One classification of copyrightable work that is missing from the list of those which can qualify as Works-Made-For-Hire is … surprisingly… the very category we have been discussing.  That is, "pictorial, graphic and sculptural works" are not listed by Act and therefore cannot be Works-Made-For-Hire under the Copyright Law, unless they qualify under one of the listed categories - e.g. an animation frame as part of an audiovisual work.  The significance of this omission is that, unless additional steps are taken in the agreement between the parties, the outside artist or sculptor would be entirely within his/her rights to demand a second payment from the manufacturer for a license to make use of the commissioned work.  This could happen because copyright ownership in the commissioned work would remain in the artist, notwithstanding that the parties fully intended otherwise.  To add insult to injury, if the parties can't reach agreement on the license fee, the artist could actually sell or license the work to a third party!

What to do?

Every manufacturer who outsources artistic creations would be well advised to thoroughly review whatever forms of agreement it normally uses for such transactions.  As a threshold consideration, even those kinds of works that fall into one of the categories that properly can be "Works-Made-For-Hire" under the law will only qualify as such if the commissioning agreement affirmatively states the intention that the work to be a Work-Made-For-Hire.  Further, the work that is the subject of the agreement must be  specially commissioned - that is, it cannot already exist in completed form prior to the agreement but must be created pursuant to the agreement - -and the agreement must be in writing, signed by both parties.

With respect to pictorial, graphic and sculptural works, if the parties intend that the manufacturer own the copyright and not be required to make additional payment for use of the work, the agreement should incorporate a "belt and suspenders" approach by stating that all rights in the work and the resulting copyright are "hereby assigned" by the artist to the manufacturer, to the extent that the work does not qualify as Work-Made-For-Hire.  Furthermore, in the case of commercially important works, a manufacturer would be well advised to register the copyright with the U.S. Copyright Office.  In this way, disputes over ownership and the requirement of a license for use of the created work can be avoided.

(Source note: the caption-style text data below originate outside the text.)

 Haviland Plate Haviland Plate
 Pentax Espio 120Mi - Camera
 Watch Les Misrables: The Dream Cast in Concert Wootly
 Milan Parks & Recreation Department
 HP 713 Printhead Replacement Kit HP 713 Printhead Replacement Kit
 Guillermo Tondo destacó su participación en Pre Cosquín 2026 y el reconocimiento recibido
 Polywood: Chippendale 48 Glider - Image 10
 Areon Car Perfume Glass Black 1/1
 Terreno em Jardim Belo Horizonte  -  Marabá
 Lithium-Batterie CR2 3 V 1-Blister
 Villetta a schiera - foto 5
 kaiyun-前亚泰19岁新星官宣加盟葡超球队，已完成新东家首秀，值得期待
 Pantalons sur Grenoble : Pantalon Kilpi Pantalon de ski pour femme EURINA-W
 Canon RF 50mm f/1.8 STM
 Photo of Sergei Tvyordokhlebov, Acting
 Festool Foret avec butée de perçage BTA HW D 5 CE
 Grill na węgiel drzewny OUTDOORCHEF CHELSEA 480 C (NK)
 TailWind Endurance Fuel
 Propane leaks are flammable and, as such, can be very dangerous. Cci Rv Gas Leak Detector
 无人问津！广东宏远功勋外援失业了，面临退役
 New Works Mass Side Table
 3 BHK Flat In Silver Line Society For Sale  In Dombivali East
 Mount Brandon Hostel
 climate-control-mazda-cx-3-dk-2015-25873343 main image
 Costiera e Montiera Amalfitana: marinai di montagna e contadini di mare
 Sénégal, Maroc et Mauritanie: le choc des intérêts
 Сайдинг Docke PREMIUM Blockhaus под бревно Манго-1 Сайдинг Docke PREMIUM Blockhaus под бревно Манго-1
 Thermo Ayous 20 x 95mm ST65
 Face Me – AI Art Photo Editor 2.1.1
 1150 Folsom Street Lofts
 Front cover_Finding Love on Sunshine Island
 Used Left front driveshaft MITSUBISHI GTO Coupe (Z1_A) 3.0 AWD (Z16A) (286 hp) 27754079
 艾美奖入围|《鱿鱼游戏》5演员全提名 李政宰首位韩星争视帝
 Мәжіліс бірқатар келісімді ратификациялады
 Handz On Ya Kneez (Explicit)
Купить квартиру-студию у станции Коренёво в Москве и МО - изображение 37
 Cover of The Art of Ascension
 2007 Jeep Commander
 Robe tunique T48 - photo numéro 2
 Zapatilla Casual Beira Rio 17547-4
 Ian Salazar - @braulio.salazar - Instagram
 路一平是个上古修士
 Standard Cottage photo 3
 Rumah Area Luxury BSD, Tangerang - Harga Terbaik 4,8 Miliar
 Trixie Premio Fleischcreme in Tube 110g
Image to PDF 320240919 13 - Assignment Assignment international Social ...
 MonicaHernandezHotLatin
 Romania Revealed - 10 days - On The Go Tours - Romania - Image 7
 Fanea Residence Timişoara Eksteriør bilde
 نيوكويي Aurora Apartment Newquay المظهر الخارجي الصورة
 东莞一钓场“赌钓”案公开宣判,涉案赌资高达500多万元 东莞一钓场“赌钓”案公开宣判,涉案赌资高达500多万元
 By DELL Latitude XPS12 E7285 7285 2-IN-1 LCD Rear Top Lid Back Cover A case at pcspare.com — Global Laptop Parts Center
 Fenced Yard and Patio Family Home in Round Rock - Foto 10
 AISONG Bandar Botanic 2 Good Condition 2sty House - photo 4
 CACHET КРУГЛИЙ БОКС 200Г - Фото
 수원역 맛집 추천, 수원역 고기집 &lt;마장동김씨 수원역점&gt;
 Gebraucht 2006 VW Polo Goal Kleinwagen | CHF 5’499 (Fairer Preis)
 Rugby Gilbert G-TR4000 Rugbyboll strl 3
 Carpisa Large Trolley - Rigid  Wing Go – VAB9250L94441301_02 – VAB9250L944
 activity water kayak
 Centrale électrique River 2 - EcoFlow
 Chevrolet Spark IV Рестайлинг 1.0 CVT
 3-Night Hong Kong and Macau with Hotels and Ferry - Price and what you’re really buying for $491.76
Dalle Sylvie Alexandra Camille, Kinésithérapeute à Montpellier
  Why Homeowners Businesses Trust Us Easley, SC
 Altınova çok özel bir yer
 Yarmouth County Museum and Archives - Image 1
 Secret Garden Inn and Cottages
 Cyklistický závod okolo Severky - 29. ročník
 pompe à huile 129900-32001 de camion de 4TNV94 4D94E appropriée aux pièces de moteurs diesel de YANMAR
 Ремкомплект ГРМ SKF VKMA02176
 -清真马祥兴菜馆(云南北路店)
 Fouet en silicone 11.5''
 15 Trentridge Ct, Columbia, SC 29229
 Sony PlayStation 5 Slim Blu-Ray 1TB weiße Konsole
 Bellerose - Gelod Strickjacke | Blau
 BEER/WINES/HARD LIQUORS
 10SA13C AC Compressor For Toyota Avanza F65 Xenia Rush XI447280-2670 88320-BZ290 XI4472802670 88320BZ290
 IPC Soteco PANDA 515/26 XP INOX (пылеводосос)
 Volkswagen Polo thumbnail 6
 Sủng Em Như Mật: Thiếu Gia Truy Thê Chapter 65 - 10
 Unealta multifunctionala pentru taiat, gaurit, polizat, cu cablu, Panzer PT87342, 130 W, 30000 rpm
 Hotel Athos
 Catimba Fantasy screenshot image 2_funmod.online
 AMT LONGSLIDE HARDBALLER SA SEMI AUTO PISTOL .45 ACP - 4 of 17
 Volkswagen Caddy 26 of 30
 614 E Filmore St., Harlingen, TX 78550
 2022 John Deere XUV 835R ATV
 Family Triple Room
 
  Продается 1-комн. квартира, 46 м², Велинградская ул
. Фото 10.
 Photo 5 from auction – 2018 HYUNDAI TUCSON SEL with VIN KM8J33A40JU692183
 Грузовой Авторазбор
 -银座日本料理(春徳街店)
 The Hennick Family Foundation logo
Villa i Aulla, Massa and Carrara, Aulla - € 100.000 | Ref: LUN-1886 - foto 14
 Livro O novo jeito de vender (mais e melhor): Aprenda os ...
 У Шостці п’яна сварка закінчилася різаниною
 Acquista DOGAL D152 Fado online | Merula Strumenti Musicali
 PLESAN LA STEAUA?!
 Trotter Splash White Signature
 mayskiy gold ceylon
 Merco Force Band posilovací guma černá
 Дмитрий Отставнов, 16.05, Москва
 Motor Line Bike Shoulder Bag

Whatever political forces may have resulted in the seeming gap in the "Work-Made-For-Hire" section of the U.S. Copyright Act, the unfortunate fact is that a substantial part of the commerce between manufacturers and outside creative service providers has not been addressed.  A circumspect manufacturer who desires to avoid paying a second time for using works that it has already paid to have created will take the additional protective steps described above.

The Final Insult

Of perhaps greater concern is that, in the case of an outsourced work that does not qualify as Work-Made-For-Hire and that becomes an evergreen property, even the "belt and suspenders" approach described above has limitations.  Under the U.S. Copyright Act, any individual who assigns his or her ownership of a copyright to another party can nullify the assignment by a termination notification at the 35th anniversary of the assignment.  An example of this recently came to light when a federal court upheld the termination of assignment to Marvel Comics by the creator of the "Captain America" superhero character. Thus, the artist now has the opportunity to offer to the highest bidder a character that Marvel has popularized for 35 years. 

Incredible as it may seem, the same fate can befall manufacturers who are fortunate enough to have commissioned the creation of artworks that prove to have enduring popularity in their product lines.  That is, in situations where it matters most, manufacturers can lose ownership of the artwork embodied in evergreen products to the artist whom the manufacturer paid to create the artwork in the first place.